A problem in moving from game-theoretic models to the "real world" is that in the latter we don't always know the other decision maker's payoff matrix, we only know - at best! - his possible strategies. We can only guess at the other's payoffs; albeit fairly well in social context. We are more likely to make a mistake because we have the wrong model for the opponent's payoffs than because we make poor strategic decisions.
Suppose we change this game so that the payoff matrix for the paperclips is chosen from a suitably defined random distribution. How will that change your decision whether to "cooperate" or to "defect"?
By the way:
Human: "What do you care about 3 paperclips? Haven't you made trillions already? That's like a rounding error!" Paperclip Maximizer: "How can you talk about paperclips like that?"

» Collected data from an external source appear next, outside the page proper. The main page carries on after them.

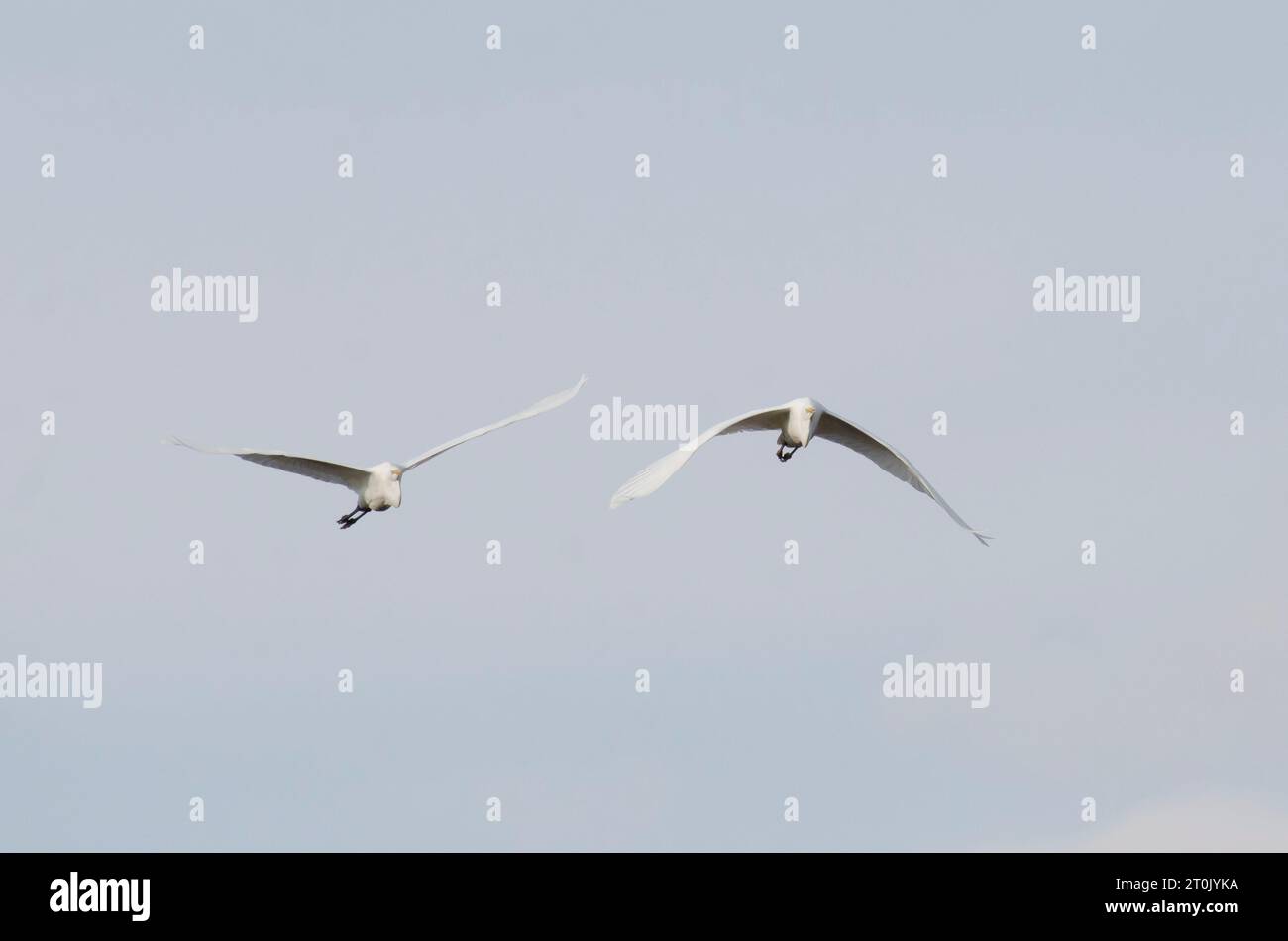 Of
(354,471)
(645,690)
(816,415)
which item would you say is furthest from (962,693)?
(354,471)

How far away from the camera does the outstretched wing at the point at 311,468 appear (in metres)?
51.7

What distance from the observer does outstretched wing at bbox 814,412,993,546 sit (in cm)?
5384

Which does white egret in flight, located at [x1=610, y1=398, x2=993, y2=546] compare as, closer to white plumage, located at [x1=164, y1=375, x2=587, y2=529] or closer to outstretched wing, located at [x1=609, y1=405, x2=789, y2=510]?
outstretched wing, located at [x1=609, y1=405, x2=789, y2=510]

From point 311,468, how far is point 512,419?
4292 mm

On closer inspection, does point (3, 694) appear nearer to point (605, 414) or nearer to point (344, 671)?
point (344, 671)

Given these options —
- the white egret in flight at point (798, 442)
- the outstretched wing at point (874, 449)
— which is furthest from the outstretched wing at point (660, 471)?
the outstretched wing at point (874, 449)

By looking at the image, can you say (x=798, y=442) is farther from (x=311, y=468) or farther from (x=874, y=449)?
(x=311, y=468)

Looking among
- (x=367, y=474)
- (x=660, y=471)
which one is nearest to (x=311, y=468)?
(x=367, y=474)

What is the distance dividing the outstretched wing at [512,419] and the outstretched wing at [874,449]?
205 inches

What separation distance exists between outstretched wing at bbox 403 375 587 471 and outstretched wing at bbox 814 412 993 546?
5.21 metres

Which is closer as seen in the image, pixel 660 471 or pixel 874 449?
pixel 660 471

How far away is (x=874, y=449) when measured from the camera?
54781 millimetres

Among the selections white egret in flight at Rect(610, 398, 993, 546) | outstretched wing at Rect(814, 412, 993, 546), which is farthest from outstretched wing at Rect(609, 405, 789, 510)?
outstretched wing at Rect(814, 412, 993, 546)

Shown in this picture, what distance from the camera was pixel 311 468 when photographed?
175ft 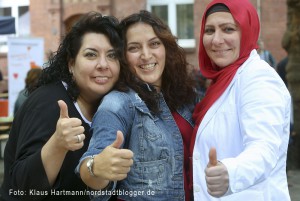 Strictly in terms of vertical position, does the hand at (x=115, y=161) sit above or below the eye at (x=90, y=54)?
below

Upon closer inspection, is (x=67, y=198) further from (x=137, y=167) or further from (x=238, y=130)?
(x=238, y=130)

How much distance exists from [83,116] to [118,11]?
14.0 meters

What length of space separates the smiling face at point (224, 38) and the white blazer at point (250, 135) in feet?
0.37

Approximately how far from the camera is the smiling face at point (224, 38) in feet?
8.38

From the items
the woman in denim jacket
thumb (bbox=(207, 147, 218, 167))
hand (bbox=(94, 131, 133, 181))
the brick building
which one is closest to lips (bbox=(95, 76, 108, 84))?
the woman in denim jacket

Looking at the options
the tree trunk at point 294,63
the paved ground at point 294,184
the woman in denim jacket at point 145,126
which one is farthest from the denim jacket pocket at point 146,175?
the tree trunk at point 294,63

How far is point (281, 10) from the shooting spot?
15.3 m

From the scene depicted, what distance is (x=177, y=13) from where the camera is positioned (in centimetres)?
1716

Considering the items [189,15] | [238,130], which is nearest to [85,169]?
[238,130]

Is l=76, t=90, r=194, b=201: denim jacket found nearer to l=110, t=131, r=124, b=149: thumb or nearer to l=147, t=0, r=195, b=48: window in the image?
l=110, t=131, r=124, b=149: thumb

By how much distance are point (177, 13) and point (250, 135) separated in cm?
1530

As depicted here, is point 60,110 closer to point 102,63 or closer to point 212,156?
point 102,63

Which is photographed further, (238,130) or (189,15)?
(189,15)

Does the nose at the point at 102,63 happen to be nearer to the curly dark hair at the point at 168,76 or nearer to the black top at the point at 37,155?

PM: "What do you care about a billion human algorithm continuities? You've got virtually the same one in billions of others! And you'll even be able to embed the algorithm in machines one day!" H: "How can you talk about human lives that way?"
Tom Crispin: The utility-theoretic answer would be that all of the randomness can be wrapped up into a single number, taking account not merely of the expected value in money units but such things as the player's attitude to risk, which depends on the scatter of the distribution. It can also wrap up a player's ignorance (modelled as prior probabilities) about the other player's utility function.
For that to be useful, though, you have to be a utility-theoretic decision-maker in possession of a prior distribution over other people's decision-making processes...
Chris: Sorry Allan, that you won't be able to reply. But you did raise the question before bowing out...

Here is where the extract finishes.